All eyes on robots taking over Detroit

Candice Williams
The Detroit News
Robotics teams compete in the FIRST Tech Challenge qualifying rounds at Cobo Center in Detroit on Wednesday.

Detroit — For Sydney Grassmyer, a Novi High School senior, the year started out with designing, building and competing with a robot during high-pressure team matches.

She wouldn’t have it any other way.

“During the matches, it’s a lot of fun for me,” she said. “It’s kind of exhilarating. Like playing a sport for me. During the match, you go into the strategy, which is most optimal. When you’re competing, it doesn’t always go as planned, so you have to adjust on the fly. I think it’s really intense, but it’s so much fun for me.”

Grassmyer is among the more than 15,000 students from 25 states and 37 countries competing with their custom-built robots this week in the international robotics competition, FIRST Championship. The event runs from Wednesday through Saturday at Cobo Center and Ford Field. 

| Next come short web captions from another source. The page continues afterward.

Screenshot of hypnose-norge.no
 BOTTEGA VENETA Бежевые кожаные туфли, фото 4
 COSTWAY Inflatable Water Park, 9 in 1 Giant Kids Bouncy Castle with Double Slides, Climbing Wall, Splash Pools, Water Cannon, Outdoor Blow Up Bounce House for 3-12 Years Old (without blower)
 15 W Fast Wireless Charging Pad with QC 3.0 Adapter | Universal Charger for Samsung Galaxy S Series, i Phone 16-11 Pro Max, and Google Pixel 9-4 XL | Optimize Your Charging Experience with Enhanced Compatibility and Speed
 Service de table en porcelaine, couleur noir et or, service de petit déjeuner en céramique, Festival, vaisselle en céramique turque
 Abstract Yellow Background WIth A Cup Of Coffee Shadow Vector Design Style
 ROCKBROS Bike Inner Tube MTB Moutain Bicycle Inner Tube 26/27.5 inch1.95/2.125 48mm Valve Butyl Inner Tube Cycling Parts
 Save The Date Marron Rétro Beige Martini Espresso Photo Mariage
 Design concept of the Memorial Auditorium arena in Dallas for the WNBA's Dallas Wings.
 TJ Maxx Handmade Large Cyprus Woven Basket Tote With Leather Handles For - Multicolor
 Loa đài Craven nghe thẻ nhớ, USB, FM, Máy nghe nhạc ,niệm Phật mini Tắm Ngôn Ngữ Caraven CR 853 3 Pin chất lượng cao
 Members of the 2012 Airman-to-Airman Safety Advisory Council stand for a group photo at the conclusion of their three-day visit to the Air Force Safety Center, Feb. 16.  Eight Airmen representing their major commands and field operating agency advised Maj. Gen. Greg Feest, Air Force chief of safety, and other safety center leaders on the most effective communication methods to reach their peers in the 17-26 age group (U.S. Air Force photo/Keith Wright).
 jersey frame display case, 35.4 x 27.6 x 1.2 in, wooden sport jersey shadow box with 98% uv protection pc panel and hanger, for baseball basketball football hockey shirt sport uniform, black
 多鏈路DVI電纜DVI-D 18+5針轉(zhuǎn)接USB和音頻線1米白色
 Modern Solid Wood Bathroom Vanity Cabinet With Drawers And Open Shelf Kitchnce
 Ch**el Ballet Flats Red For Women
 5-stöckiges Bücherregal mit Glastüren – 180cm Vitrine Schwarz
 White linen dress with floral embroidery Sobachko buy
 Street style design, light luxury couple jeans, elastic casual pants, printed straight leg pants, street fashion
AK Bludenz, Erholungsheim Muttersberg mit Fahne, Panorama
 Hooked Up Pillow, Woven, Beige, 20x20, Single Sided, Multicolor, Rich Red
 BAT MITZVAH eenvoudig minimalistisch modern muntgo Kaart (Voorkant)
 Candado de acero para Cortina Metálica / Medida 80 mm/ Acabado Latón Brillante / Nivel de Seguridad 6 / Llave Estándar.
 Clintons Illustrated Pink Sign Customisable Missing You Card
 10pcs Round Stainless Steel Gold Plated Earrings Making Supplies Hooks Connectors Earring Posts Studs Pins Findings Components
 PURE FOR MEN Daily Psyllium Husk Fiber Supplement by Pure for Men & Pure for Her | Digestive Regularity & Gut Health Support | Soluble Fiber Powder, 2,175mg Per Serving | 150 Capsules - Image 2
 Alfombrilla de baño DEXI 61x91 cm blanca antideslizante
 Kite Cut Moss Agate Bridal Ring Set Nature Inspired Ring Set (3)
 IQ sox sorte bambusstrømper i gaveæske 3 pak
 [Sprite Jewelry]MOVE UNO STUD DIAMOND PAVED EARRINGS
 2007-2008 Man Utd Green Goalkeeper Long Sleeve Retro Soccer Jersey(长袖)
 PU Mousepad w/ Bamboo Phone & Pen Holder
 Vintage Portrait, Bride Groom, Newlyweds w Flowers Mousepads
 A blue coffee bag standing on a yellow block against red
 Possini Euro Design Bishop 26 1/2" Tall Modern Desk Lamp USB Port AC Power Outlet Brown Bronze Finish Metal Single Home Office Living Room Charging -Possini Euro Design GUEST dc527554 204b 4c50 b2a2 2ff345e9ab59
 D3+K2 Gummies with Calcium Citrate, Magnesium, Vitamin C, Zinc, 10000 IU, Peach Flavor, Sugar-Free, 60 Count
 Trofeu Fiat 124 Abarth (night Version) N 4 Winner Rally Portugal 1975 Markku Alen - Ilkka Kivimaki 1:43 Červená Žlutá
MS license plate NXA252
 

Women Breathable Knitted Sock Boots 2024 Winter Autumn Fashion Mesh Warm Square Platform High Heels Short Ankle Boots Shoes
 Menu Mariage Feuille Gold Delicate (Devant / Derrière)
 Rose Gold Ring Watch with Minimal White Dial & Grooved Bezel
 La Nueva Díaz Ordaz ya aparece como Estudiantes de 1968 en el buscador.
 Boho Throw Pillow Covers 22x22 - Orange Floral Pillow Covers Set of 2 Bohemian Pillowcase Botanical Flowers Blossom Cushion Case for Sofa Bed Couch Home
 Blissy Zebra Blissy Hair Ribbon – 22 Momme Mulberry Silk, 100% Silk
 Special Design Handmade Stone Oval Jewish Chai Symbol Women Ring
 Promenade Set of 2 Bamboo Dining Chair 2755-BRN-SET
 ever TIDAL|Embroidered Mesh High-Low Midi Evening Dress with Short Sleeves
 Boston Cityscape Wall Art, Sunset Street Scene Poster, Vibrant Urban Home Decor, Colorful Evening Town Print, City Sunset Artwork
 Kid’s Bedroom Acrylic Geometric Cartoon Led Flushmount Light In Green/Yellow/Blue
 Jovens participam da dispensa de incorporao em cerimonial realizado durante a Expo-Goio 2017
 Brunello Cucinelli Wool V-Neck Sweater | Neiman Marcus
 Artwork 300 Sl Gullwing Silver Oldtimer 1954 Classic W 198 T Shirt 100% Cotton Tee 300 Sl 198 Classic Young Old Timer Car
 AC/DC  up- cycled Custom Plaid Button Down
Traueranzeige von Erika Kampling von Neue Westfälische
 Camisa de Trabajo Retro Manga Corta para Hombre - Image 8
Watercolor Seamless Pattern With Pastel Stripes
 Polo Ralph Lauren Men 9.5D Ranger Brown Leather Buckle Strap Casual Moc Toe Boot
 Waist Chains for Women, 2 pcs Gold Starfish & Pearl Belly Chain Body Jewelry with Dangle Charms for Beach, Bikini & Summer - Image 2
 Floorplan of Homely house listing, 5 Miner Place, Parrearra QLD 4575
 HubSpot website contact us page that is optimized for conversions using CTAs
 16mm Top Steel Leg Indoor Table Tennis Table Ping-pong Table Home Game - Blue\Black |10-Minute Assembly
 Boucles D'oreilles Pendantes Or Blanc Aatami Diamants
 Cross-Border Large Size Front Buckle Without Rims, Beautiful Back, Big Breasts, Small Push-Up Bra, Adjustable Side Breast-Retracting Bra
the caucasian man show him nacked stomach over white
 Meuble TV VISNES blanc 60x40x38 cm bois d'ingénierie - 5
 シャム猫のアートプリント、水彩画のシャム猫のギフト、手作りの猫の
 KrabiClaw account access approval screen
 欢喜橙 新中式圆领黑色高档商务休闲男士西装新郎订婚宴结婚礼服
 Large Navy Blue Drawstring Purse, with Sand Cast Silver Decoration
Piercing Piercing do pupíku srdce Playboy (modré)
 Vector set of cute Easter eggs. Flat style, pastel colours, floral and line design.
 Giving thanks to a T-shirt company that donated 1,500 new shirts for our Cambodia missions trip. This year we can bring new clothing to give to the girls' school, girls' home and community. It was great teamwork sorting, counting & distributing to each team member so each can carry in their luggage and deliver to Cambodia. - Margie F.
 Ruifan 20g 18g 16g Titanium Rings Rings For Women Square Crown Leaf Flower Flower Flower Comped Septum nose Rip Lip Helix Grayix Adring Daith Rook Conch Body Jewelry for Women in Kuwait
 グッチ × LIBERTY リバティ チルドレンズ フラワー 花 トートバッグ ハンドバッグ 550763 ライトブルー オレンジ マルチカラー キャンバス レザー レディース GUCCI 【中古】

This is the second year in Detroit for the FIRST Championship, which stands for “For Inspiration and Recognition of Science and Technology.” The event is expected to draw about 40,000 participants and spectators. 

There are several levels of competition: the FIRST LEGO League Jr. World Festival Expo for ages 6-10, the FIRST LEGO League World Festival for ages 9-16, the FIRST Tech Challenge World Championship for ages 12-18 and the FIRST Robotics Competition Championship for ages 14-18. There is also one student exhibition for students ages 6-18.

This year, the Novi Community School District will be represented in three levels of competition. As the FIRST Robotics team, Grassmyer and her team, named Frog Force, were given six weeks starting in January to build the robot before competing to qualify for the FIRST Championship. The challenge this year was to program their robot move hatch panels and cargo to designated spots.

Early Wednesday, teams prepared their robots and had them inspected before participating in matches.

PowerStackers, a community-based team from Ohio, are competing in the FIRST Tech Challenge. It was tasked with building a robot that can collect and sort 75 cubes and balls. The team has been working on its robot since September.

“We come up with many different versions and ways we can accomplish it, and then we prototype the different versions and see which ones are better,” said Neev Gupta, 15.

The team is competing with its fifth or sixth version.

“We continuously improve every single part,” said Krishna Suresh, 16.

The FIRST competition gives the students practical experience in the engineering field, said Alexandra Carter and Nathaniel Cordova with BAE Systems, one of the event’s sponsors. The two were part of a group of 10 employees who were answering students' questions during the event’s innovation fair. 

The students asked about the type of work they do and how they could get internships, said Carter, an operations program manager. Among the items they showed the kids were a thermal imaging tool and striker helmet both used by the military.

Students who participate in FIRST are ahead of their peers when they enter engineering programs in college, said Cordova, a hardware engineer. As a FIRST alumnus, Cordova said it gave him an advantage when applying for jobs after college.

“It’s a community or engineering society,” said Cordova. “People identify or associate FIRST with folks who are extremely hardworking, have a real-world understanding of solving complex problems and also have a really good business sense. FIRST is not just about the robot. It’s about everything to pretty much make the robot." 

The teamwork associated, the sharing of technical knowledge, but also running a business, fundraising money, reaching out to cooperate sponsorship… how you manage potential conflict on teams. All of that stuff is wrapped into a dense hands-on experience on a FIRST team.”

Grassmyer said she plans to study mechanical engineering at the University of Michigan next year. 

But this week, her goal is helping her team make it to the championship finals at Ford Field on Saturday.

“That’s what we’re all working toward,” she said.